● Items from a dataset
-=-=-

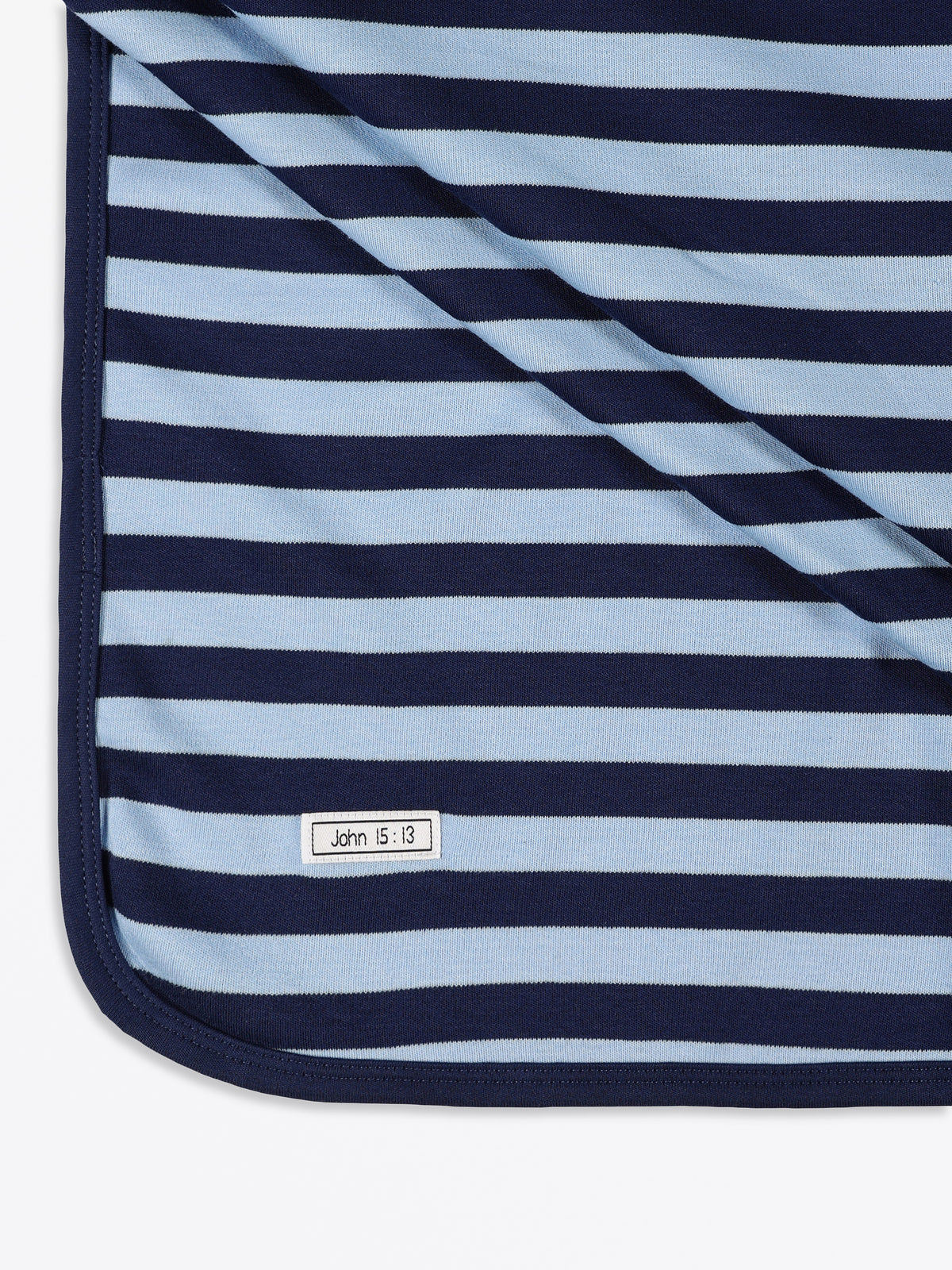 No Greater Love Blue Swaddle Cotton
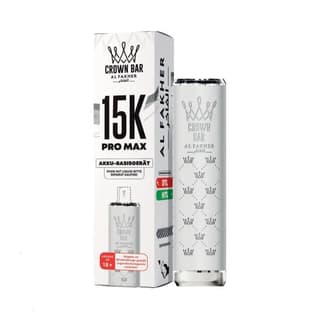 Al Fakher Pro Max 15k Akkutr&auml;ger - White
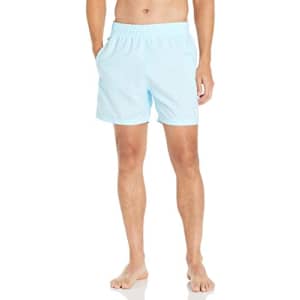 adidas Men's Standard Adicolor Essentials Trefoil Swim Shorts, Almost Blue, X-Large for $29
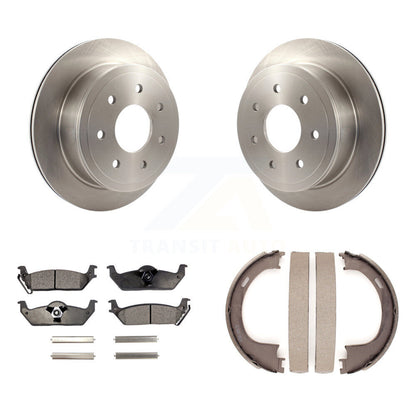 Kit de chaussures de stationnement à plaquettes semi-métalliques, Rotors à disque arrière, pour Ford F-150 Lincoln LT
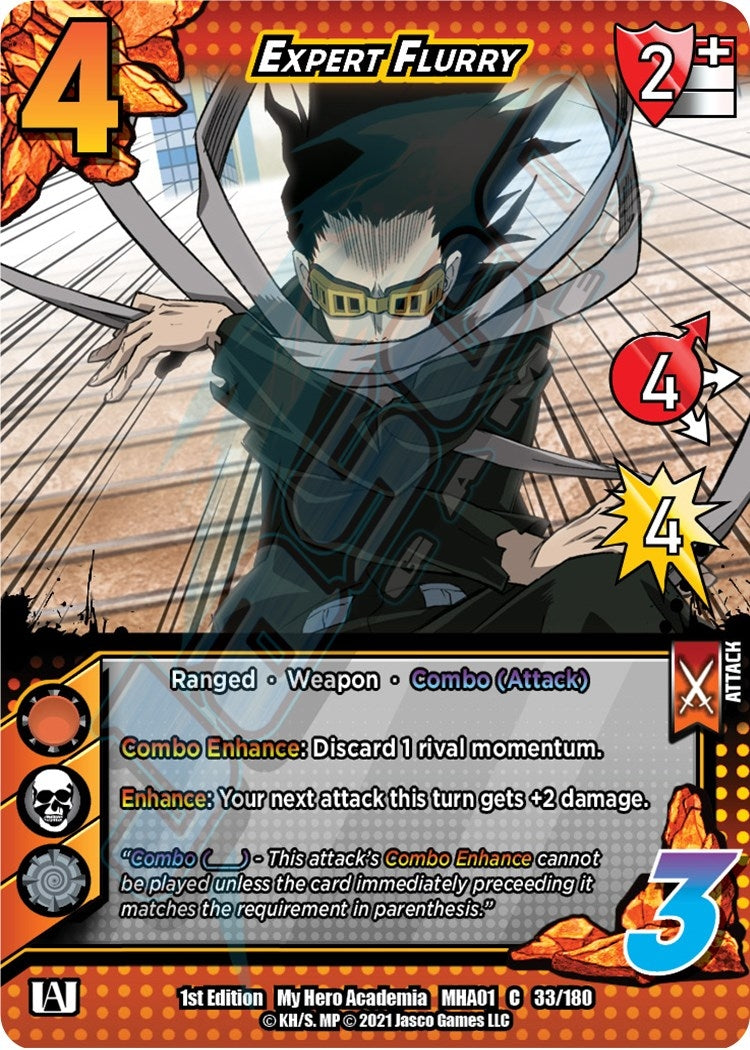 Image for Expert Flurry (UniVersus: My Hero Academia) (33/180) - UniVersus
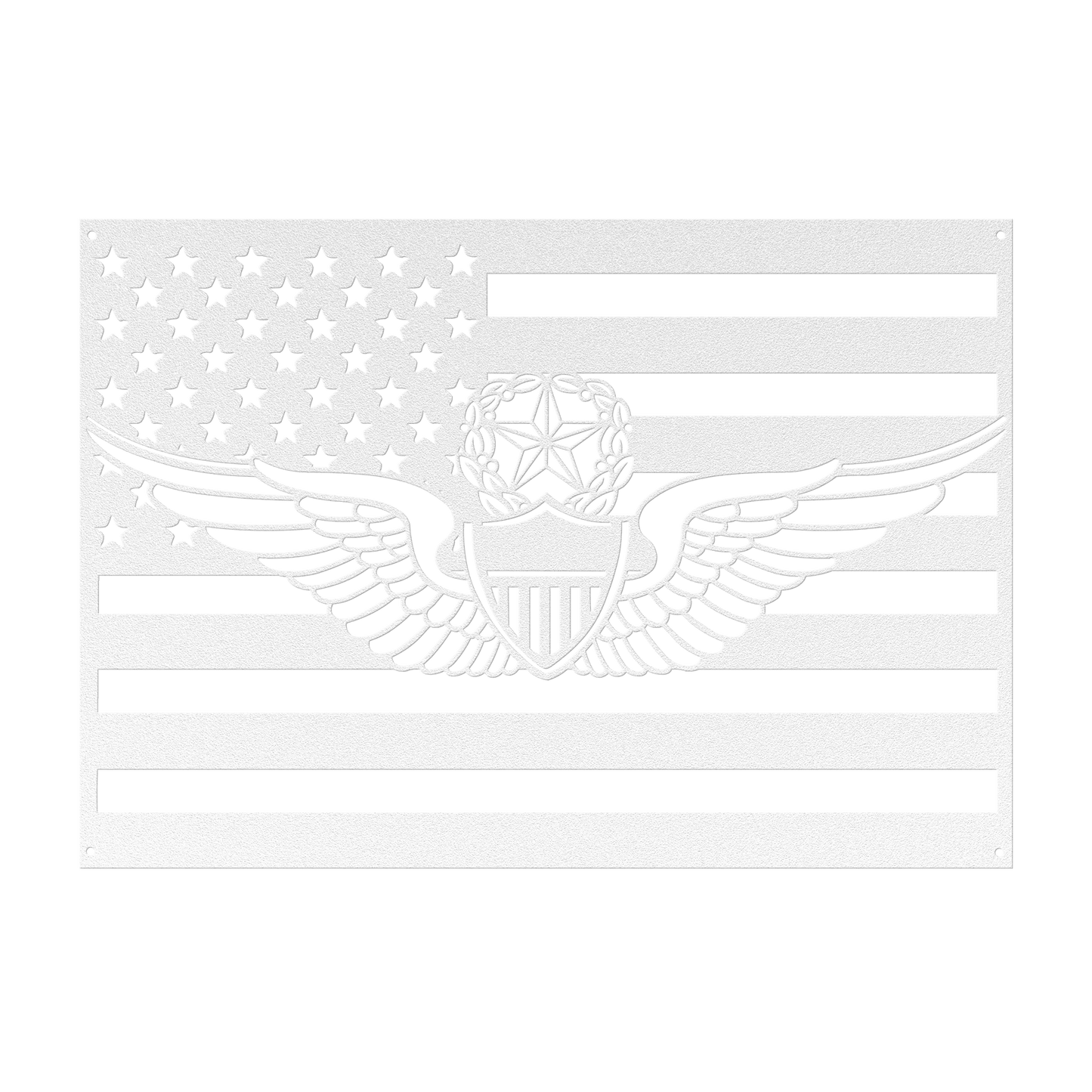 Master Aviator Wings | Horizontal Flag Tribute - MAIKERU STUDIO
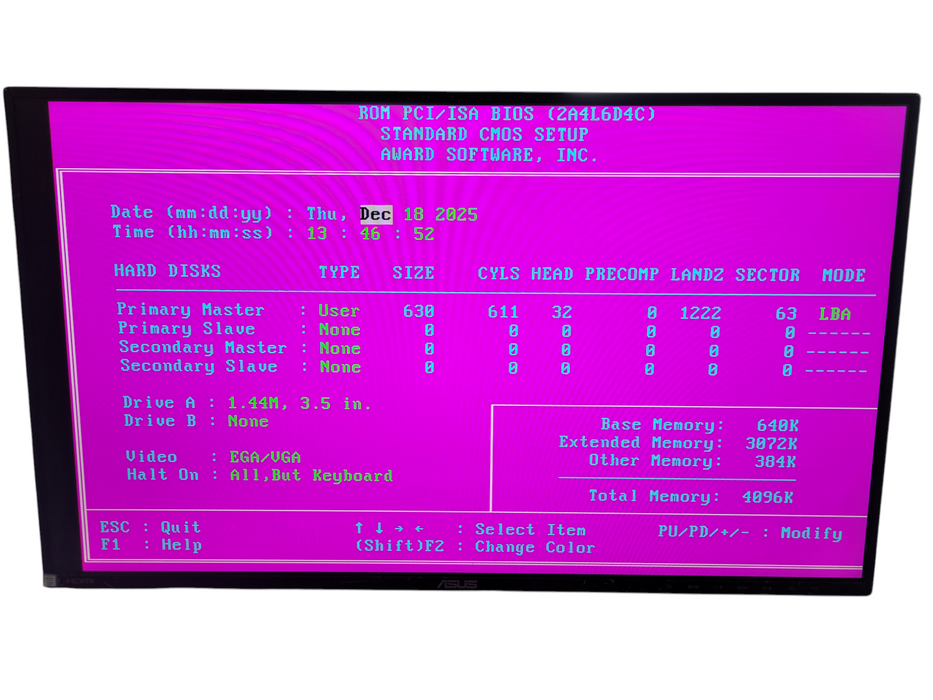 Vintage Desktop - Intel 486dx2-s 66Mhz 4MB RAM NO HDD 230W PSU %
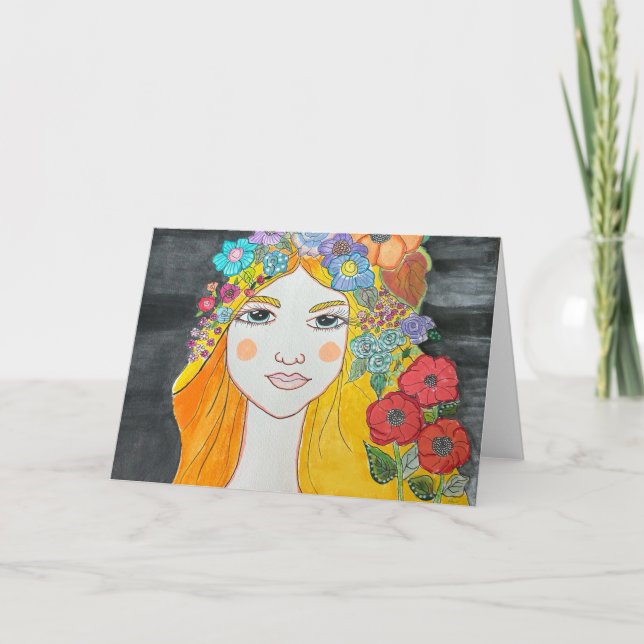 Carte In Bloom, art cards by Lisa Casineau (Devant)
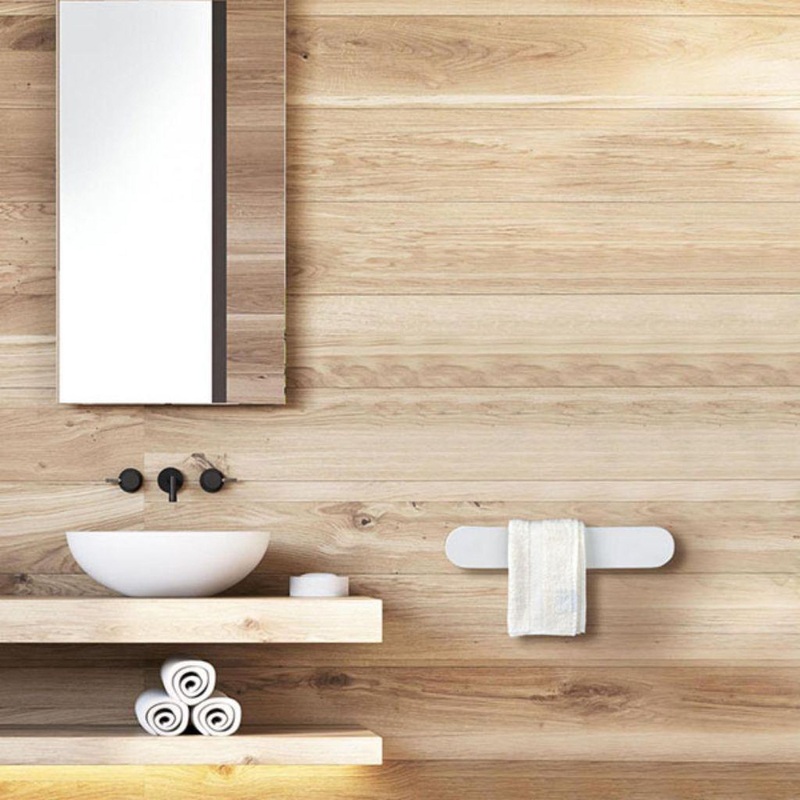 Maya Bath Asta 19" x 4" Ceramic Wall-Mounted Hardwired Electric Towel Warmer
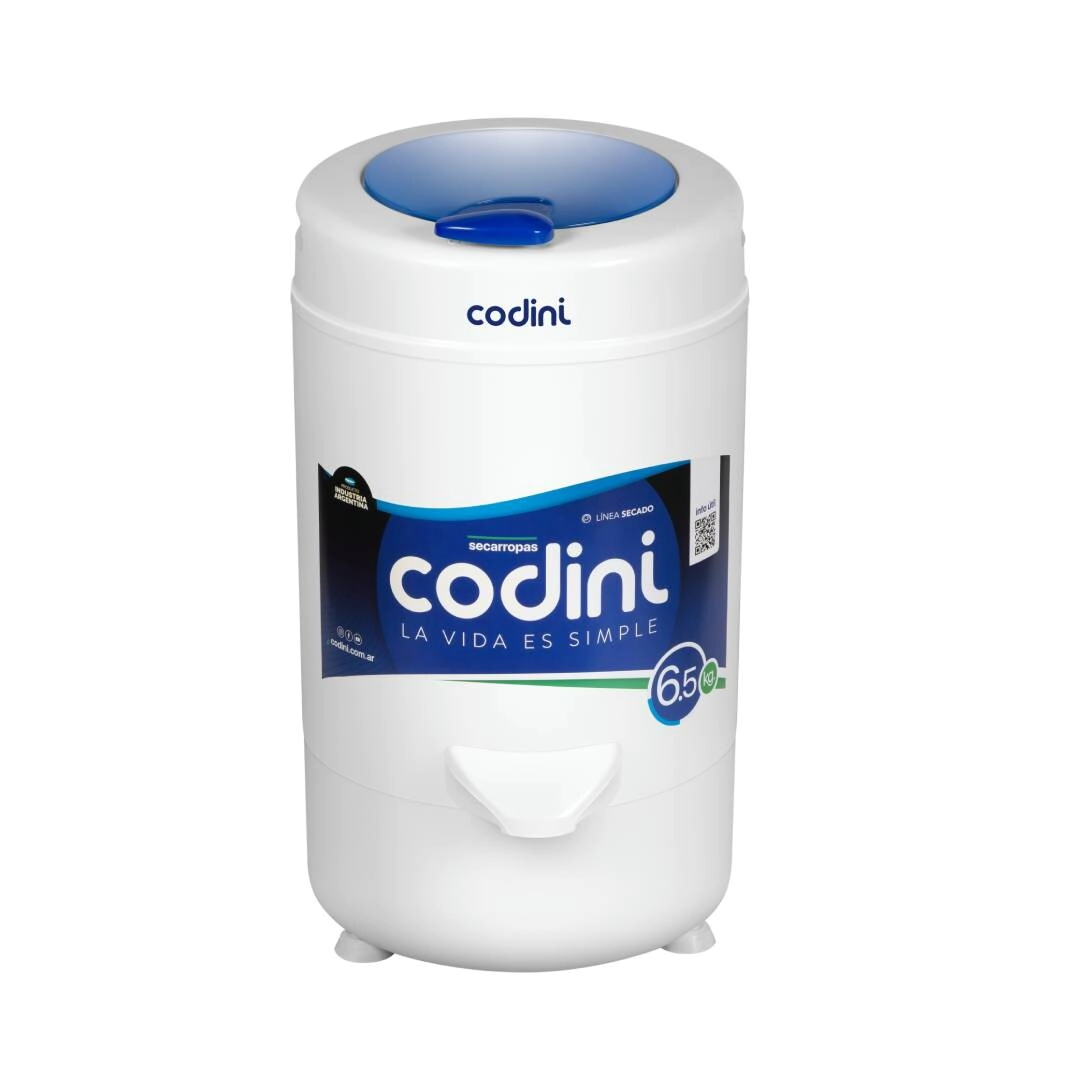 Secarropas Centrífugo Advance 6.5 kg 2.800 RPM Blanco Codini - AD65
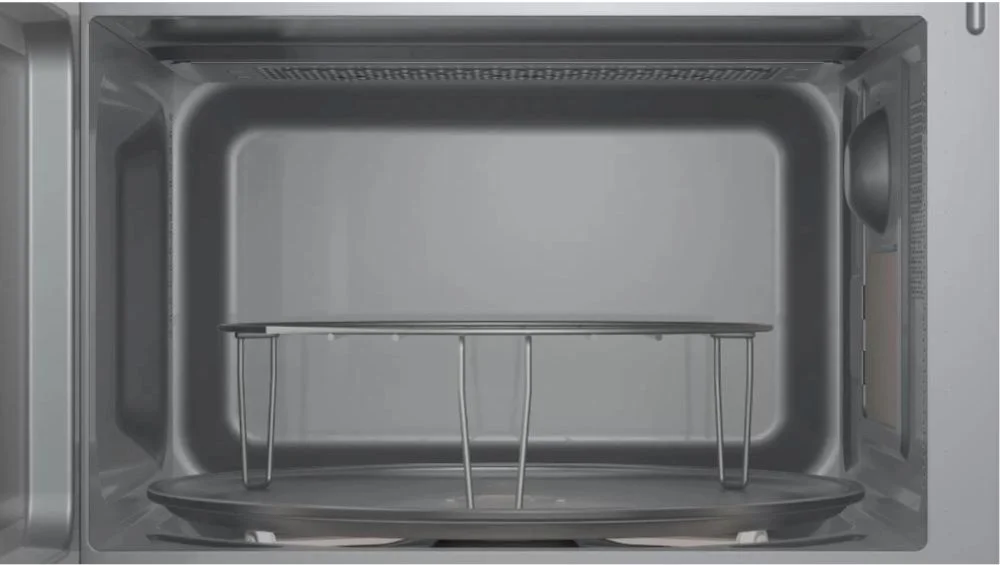Микроволновая печь BOSCH FEL023MS2 (20 л, 800 Вт, переключатели поворотный механизм, сенсор, гриль, дисплей, черный)-2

-=-=-

● Task statement
Please retype all the entries word for word, omitting the pictures.

● Finished exercise
 No Greater Love Blue Swaddle Cotton
 Al Fakher Pro Max 15k Akkutr&auml;ger - White
 adidas Men's Standard Adicolor Essentials Trefoil Swim Shorts, Almost Blue, X-Large for $29
 Kit de chaussures de stationnement à plaquettes semi-métalliques, Rotors à disque arrière, pour Ford F-150 Lincoln LT
 Image for Expert Flurry (UniVersus: My Hero Academia) (33/180) - UniVersus
 Master Aviator Wings | Horizontal Flag Tribute - MAIKERU STUDIO
 Vintage Desktop - Intel 486dx2-s 66Mhz 4MB RAM NO HDD 230W PSU %
 Carte In Bloom, art cards by Lisa Casineau (Devant)
 Maya Bath Asta 19" x 4" Ceramic Wall-Mounted Hardwired Electric Towel Warmer
 Secarropas Centrífugo Advance 6.5 kg 2.800 RPM Blanco Codini - AD65
Микроволновая печь BOSCH FEL023MS2 (20 л, 800 Вт, переключатели поворотный механизм, сенсор, гриль, дисплей, черный)-2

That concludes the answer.